Still trust the other end? I don't.
Do you trust your exit node or proxy? Defcon had a recent talk on setting up proxy servers as a very quick way to find people who have something to hide. Now you have their IP address and their destination.
It's not just about exit nodes anymore. The NSA can, and regularly does, de-anonymize users within the Tor network, with or without compromised or 'baddie-controlled' exit nodes.
Tor works only as long as exit nodes are not in the bad guy's control.
Correction: Tor only works (in its current implementation) when there isn't a single bad node in the entire network. IOW, not going to happen.
Let's also keep in mind that 60+% of the funding for Tor, comes directly from the Department of Defense (DoD).
Concerned yet? You should be.
But Trsst relies on a protocol (SSL) that we know is now suspect, and likely broken in most cases (weak keys, compromised CAs).
So what now?
Then they can make a public and private key for whatever.com. Then they use their fake Intermediate CA Inc.certificate to sign that. Unless you the person visiting whatever.com specifically have an original copy of the real whatever.com certificate public key, and you look at the public key of the certificate every time you visit the website, you'll never notice that the NSA has replaced the real certificate with theirs. As long as they're using the correct Verisign private key, your browser will not detect any problems.

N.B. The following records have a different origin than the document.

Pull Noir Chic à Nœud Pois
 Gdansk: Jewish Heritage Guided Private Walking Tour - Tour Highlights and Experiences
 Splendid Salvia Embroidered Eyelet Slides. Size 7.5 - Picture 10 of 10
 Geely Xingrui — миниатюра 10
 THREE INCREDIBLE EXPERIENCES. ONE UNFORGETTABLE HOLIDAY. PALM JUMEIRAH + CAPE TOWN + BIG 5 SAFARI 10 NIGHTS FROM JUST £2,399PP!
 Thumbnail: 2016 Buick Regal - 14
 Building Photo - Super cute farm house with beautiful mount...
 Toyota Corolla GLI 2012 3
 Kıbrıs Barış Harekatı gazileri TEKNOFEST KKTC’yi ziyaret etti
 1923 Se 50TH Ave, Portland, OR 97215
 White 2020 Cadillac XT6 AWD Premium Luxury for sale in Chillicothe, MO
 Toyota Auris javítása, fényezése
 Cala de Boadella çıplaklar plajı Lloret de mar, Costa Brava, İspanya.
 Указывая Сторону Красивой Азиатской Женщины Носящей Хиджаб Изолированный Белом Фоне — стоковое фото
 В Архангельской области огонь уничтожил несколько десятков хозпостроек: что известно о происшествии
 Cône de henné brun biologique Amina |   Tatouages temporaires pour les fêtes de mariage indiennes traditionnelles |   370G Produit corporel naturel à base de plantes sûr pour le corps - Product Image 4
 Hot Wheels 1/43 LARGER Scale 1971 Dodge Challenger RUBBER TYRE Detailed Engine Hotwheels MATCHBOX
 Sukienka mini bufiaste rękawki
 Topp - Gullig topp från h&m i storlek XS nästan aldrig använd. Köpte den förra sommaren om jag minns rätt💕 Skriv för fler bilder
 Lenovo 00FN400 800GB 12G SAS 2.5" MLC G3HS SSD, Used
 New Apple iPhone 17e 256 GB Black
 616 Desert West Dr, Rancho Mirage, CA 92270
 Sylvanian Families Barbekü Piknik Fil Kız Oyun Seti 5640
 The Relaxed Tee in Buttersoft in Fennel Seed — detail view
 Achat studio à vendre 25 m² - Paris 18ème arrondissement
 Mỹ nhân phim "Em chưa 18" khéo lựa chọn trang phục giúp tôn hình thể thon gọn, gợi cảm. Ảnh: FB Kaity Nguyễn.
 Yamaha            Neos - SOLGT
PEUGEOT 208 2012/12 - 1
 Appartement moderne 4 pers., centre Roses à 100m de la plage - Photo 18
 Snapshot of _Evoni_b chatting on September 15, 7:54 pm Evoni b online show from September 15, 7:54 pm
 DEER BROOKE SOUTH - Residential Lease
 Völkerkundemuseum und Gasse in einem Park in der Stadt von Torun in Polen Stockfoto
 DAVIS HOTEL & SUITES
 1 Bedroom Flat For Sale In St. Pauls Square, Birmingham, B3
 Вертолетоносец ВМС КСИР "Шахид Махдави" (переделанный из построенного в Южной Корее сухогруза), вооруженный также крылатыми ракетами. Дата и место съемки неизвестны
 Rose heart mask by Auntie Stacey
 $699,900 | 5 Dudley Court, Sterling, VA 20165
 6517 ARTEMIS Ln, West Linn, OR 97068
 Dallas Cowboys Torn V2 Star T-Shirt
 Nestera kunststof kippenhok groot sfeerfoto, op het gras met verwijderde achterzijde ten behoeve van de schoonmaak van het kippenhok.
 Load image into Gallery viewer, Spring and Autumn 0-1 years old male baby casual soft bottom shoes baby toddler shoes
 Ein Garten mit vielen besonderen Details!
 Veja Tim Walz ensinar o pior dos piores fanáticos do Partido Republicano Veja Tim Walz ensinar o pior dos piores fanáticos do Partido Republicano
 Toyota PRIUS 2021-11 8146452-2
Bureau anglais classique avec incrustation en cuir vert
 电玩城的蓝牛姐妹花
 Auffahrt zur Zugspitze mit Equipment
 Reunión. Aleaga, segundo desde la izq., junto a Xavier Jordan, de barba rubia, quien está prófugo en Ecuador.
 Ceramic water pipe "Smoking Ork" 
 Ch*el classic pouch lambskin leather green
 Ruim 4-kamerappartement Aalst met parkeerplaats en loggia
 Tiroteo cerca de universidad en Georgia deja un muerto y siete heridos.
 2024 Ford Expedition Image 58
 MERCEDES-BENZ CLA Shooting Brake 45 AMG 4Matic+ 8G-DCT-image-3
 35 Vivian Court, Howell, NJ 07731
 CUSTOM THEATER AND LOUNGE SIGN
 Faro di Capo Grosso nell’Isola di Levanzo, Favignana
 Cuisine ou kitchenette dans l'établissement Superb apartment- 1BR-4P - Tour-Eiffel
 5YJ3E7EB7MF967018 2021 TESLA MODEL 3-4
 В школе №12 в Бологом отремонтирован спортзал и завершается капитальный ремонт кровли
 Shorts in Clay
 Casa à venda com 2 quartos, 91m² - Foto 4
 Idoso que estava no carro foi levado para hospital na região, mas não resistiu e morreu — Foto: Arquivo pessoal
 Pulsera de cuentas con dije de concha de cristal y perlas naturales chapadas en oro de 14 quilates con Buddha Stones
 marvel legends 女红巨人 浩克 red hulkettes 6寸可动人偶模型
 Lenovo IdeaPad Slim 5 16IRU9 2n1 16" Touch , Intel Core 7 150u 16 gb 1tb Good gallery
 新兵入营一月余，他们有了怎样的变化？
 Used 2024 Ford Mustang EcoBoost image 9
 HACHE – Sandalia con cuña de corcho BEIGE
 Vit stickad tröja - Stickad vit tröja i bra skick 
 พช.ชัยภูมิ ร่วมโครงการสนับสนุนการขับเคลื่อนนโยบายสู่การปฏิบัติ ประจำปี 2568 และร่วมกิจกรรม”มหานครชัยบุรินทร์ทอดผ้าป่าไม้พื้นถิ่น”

This is precisely why you should be checking site fingerprints and using browser add-ons like Certificate Patrol, in combination with a secure browser (eg: TorBrowser).
If you blindly stumble around the Internet accepting certs, not checking source and destination, you deserve what you get. If you verify the authenticity of your connections, and deny/block/forbid those that don't match, you'll be much closer to the secure environment we're all striving for.
The important bit, the one that has value to *me*, is that it can hide my identity. It can hide the identity of people who are afraid of oppression, it can hide the identity of whistle blowers, it can hide the identity of people asking for help.
Actually, no, it can't. You're thinking of i2p, not Tor.
If you're confused, you need to read up on the major flaws and vulnerabilities in Tor that allow the NSA or enough controlling entities to de-anonymize anyone using Tor. In fact, the more Tor exit nodes, the easier it is.
The tremendous spike in users using Tor could be both in reaction to the NSA news, or proactive from the NSA ramping up their use of Tor to more-rapidly de-anonymize the traffic coming across those exit nodes.
They don't need to crack the traffic, if they de-anonymize the clients in and out of Tor, it's cleartext on both ends. With SSL and VPNs now being as wide open as cleartext and easily broken, it's a moot point.
http://blog.erratasec.com/2013/08/anonymity-smackdown-nsa-vs-tor.html
And direct yourself and others to Project Meshnet:
Sorry, but it's now too easy to de-anonymize traffic within and around Tor. The more Tor nodes there are, the -easier- it becomes.